Both the resource card types have all the relevant information at the top, so that players can have them sit comfortably on their hands and make on the fly decisions about how to best use them.
There's a final touch on project cards, but that needs a little more context:
Using cards to track progress
Project cards need to be in play for a number of turns to be considered successfully delivered.
This is a major dynamic of the game and some cards affect this duration, accelerating or slowing down the completion of projects. Play-testing revealed that tracking how many turns are left in a project was cumbersome and error-prone.
To make it easier to track how many turns are left to complete a delivery, project cards now have spaces where a token can be placed. With each completed turn, players can add a token on top of the card.
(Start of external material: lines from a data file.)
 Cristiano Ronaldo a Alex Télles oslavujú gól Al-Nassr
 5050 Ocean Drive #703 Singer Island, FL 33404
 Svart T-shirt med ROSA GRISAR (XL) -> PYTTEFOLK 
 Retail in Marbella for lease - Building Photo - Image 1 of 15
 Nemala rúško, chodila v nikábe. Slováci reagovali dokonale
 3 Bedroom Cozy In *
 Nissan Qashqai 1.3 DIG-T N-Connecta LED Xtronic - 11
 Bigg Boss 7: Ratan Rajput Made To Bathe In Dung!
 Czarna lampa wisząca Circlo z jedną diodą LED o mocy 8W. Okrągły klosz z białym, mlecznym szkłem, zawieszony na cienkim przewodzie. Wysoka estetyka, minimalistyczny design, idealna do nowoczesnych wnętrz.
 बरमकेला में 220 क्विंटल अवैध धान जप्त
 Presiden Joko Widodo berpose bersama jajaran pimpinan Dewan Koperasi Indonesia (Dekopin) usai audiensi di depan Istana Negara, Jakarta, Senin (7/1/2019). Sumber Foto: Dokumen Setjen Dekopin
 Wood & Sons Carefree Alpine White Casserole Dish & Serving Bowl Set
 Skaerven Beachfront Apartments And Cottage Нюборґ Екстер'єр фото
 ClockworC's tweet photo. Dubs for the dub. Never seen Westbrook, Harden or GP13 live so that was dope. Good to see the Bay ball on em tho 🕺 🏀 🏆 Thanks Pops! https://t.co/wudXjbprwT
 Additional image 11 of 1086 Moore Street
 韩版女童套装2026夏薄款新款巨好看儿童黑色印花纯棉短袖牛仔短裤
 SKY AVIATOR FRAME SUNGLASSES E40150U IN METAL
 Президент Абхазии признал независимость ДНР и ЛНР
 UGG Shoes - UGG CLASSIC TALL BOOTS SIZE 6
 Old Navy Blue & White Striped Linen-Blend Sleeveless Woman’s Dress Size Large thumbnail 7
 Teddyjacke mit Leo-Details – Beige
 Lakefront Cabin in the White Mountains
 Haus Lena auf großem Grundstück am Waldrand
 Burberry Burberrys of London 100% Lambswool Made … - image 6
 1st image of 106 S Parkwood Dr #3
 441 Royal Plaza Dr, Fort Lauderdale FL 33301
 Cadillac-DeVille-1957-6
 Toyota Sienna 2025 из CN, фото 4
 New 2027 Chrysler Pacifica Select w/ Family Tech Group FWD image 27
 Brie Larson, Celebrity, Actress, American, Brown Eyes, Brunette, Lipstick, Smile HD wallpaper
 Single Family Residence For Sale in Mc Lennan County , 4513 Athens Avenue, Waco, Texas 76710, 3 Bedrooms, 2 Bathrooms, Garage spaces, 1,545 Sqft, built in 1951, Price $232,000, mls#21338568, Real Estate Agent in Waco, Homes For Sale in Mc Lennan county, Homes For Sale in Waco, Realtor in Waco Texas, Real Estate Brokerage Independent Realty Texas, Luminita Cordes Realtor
When all spaces are filled, that delivery was complete.
This little innovation (courtesy of a PM friend) made the game easier to follow along, dispensed with any need to write things down and made the physical game easier to ship.
The tokens can be anything, including just beans or coins. Players can use whatever they have on hand (testers used sugar packs at a coffeeshop).
Of the three types of cards, I've explained 2. We need to talk about the last one: Chaos cards.
Using consistent written structures
Chaos cards are the spice of the game, they can affect things such as team formation, pace of the game and project selection. They can both penalize or incentivize some player behaviors (e.g. some Chaos cards grant a free turn-token to ongoing projects of a specific type).
The thing is: Chaos cards can move different needles in different directions and for this reason, are the most diverse of the game. I'm still thinking of ways to make them easier to follow.
The main thing that Chaos cards have in terms of ease of use is that they have a title (funny, hopefully), a short narrative description of something that happened in PM world (e.g discovering an underserved niche) and instructions on how to use the card. In past versions, it was possible to save chaos cards to use later, but this added yet another layer of complexity and currently Chaos cards are used immediately after being drawn.
I'm trying to explore another way to make instructions easier to follow: a consistent way to write all instructions so that they follow a similar structure. Something like this:
Who is affected by the card (e.g. “you", "the next player", “all players”)
What conditions activate the card (e.g. "with/without ongoing projects”; "with ongoing projects of a certain type")
The effect of the card (e.g. “lose a turn", “gain a turn token”, “lose a teammember”)
I want to do this for all 32 Chaos cards, but haven't got around to doing it.
Extra little things
Besides all of these design decisions, I'm thinking of adding the following features:
The back patterns of each kind of card can include simple instructions (e.g. The back of Teammember's cards could say “draw up to two at the start of your turn”)
The back patterns of each kind of card could also include hints on which order they should be drawn (1st Team, 2nd Project, 3rd Chaos)
Can create some cards that are not playable but include instructions. Could include up to 4 of them in the decks and let players keep them around to check up on instructions
I'd like to overhaul all project names to make them funnier too
This was a longer piece than usual, but I wanted to show you all the little things one can do to make the game easier for beginners. I hope you liked it!